Nel 2007 il Politecnico di Torino scelse il rifugio più alto d'Europa
per alcuni innovativi esperimenti dedicati alle hydrogen fuel cells;
nell’agosto del 2004, infine, una bellissima iniziativa
nata nell’ambito della sezione di Varallo del CAI portò
all’inaugurazione della Biblioteca più alta d’Europa,
in
memoria di Enrico Detomasi, nota guida alpina e maestro di sci che tanto
operò in favore di questo rifugio.
Salita al rifugio
più alto d’Europa E’ sabato 2 agosto 2008 e, con tre amici - tra cui il webmaster del ben noto Lemiemontagne.it - sono salito dal grande parcheggio di Stafal, in alta Valle del Lys, al Passo dei Salati, a quota 2936 metri ed a N45 52.624 E7 52.072, immediatamente a nord del roccioso Corno del Camoscio e “sotto” il cupo torrione dello Stolemberg. Ad oriente, una densa nuvolaglia nasconde a tratti la sagoma caratteristica dell’Istituto Scientifico Mosso di Fisiologia Umana. La salita mediante funivia ci è costata 25 Euro, più una breve pausa tecnica al Gabiet, in attesa che riprendesse la seconda tratta. Sono le 15.30 quando, carichi, lasciamo i Salati, arrivando alle 16.40 alle vecchie strutture di Punta Indren, a 3260 metri. Abbiamo incontrato una gran folla che procede nei due sensi, lungo il tratto scivoloso ed umido dello Stolemberg, attrezzato con una corda. In un paesaggio lunare, sede di un precedente ghiacciaio, si traversa in semipiano alla volta della grande bastionata sulla quale sorge, ancora invisibile, il rifugio Mantova. Il vecchio Ghiacciaio d’Indren, ormai, è ridotto ad un vasto nevaio, a sua volta umiliato da grandi sacche d’acqua appena racchiusa da una sottile pellicola più densa. Malgrado scarponi e ghette, ci ritroviamo ben presto con i piedi fradici, perché ad ogni passo si sprofonda per una spanna e più, prima di trovare ghiaccio solido; è come camminare in una fredda palude punteggiata da pietrisco scuro, vene azzurre, sepolta sotto strati di nuvolaglia che paiono preannunciare il “colpo” del tuono e l’arrivo del temporale. Saliamo per una via originale e pressoché verticale nell’ultimo tratto, attrezzata alla bell’e meglio con tronchi di legno e spesse corde bianche.
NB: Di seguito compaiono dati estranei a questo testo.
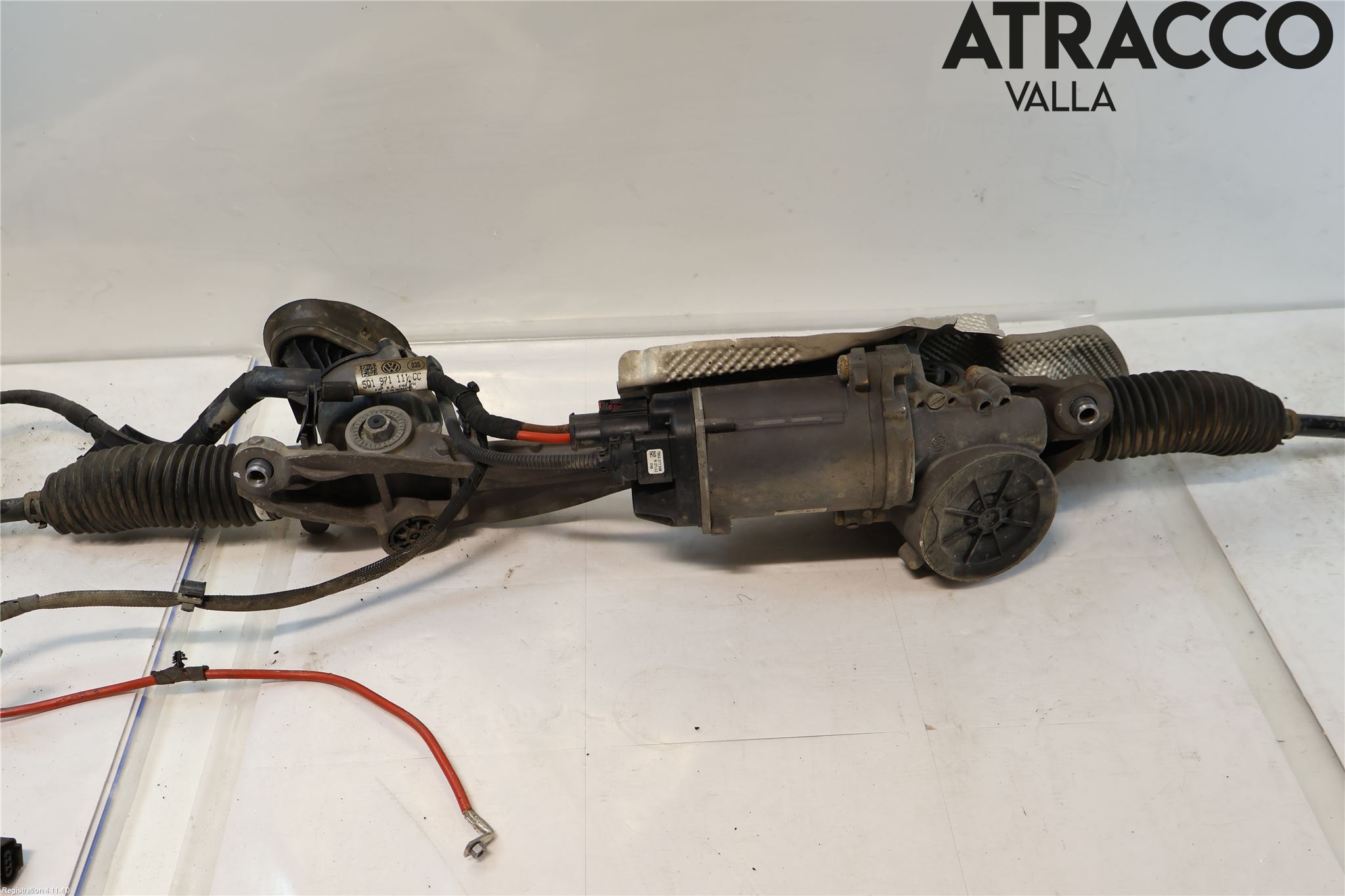 Volkswagen VW GOLF / E-GOLF VII 13-20 Styrväxel-Snäcka Elektrisk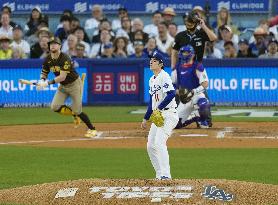Baseball: Padres vs. Dodgers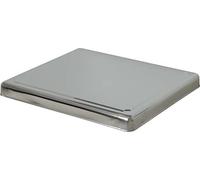 Tapa Encimera De Gas Chapa Inox Lisa 61x53x5,5 Centimetros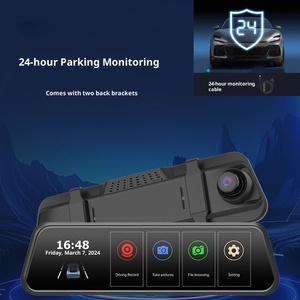 <span class=keywords><strong>Camera</strong></span> hành trình gương chiếu hậu ô tô HD 2K+1080P IPS 9.66 inch, chức năng giám sát đỗ xe, tầm nhìn ban đêm, ghi hình vòng lặp, hộp đen xe hơi, bảo hành 1 năm - Product Image 1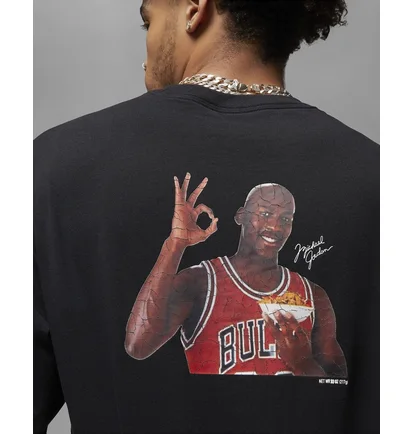 Світшот чоловічий Air Jordan T-Shirt Flight Mvp 85 Black DV8428-010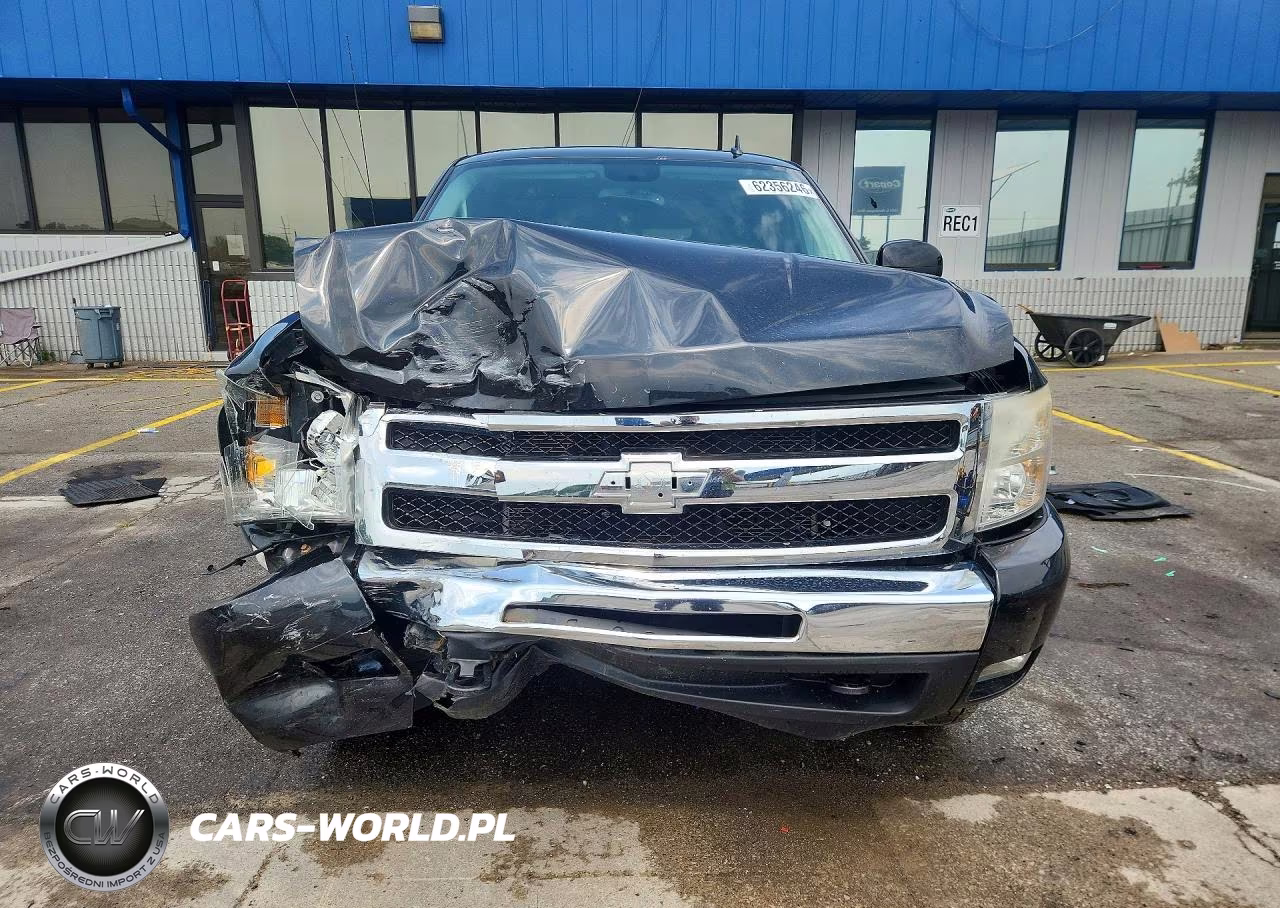 2009 Chevrolet Silverado K1500 Lt VIN:1GCEK29099Z275826 - 5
Frequenti rivoli ruscellano allegramente tra le stabili e grandi rocce chiare, a tratti rosate, su cui procediamo; è dura restare attaccati ai tronchi disposti a guisa di quadro svedese, con il forte peso dello zaino sulle spalle. L’equivalente di salire una scala a pioli con scarponi ed un bambino sulle spalle. Sono le 18.00
quando entriamo al rifugio Mantova, che ho toccato anche nel 2007
salendo alla bella Piramide Vincent,
provenendo questa volta dal roccioso bordo del pianoro glaciale sul
quale sorge il rifugio. Superiamo qualche piazzola costruita con sassi e
roccette, oltre ad una croce in ferro disposta dal CAI Milanese il 25
agosto del 1904; dalla croce ammiro il panorama a meridione, il triste
spettacolo della morte di un altro ghiacciaio, la severa sagoma dello
Stolemberg adorna di nubi cangianti e grigiastre al contempo. Sotto alla
fascia grigio piombo delle nubi, più in là, scorgo il Monte
Zerbion illuminato dal sole, più che mai degno dell’antico
soprannome Mont Pers. Ci accoglie il piccolo e futuristico Cristo
sulla roccia all’ingresso del Mantova, ove fervono lavori in corso:
una nuova ala, in legno, è in via di realizzazione alle spalle del
rifugio. La camera è la numero uno, la cena alle 19.45, secondo turno.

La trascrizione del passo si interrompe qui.